Exercise directions:
A line below contains "51 Lakeview Ave", and a later one contains "Fluorite Specimen- Chenzhou China". Repeat both, with every line between them, exactly.

Record excerpts:
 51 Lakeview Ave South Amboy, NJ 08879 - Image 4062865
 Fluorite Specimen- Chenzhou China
...
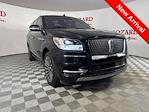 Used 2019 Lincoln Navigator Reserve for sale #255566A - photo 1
---
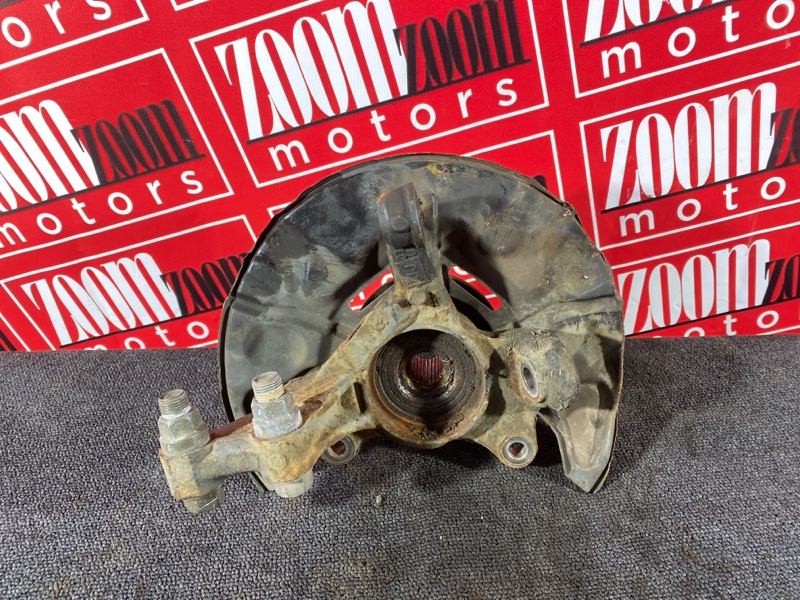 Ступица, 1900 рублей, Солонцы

Task answer:
 51 Lakeview Ave South Amboy, NJ 08879 - Image 4062865
 Fluorite Specimen- Chenzhou China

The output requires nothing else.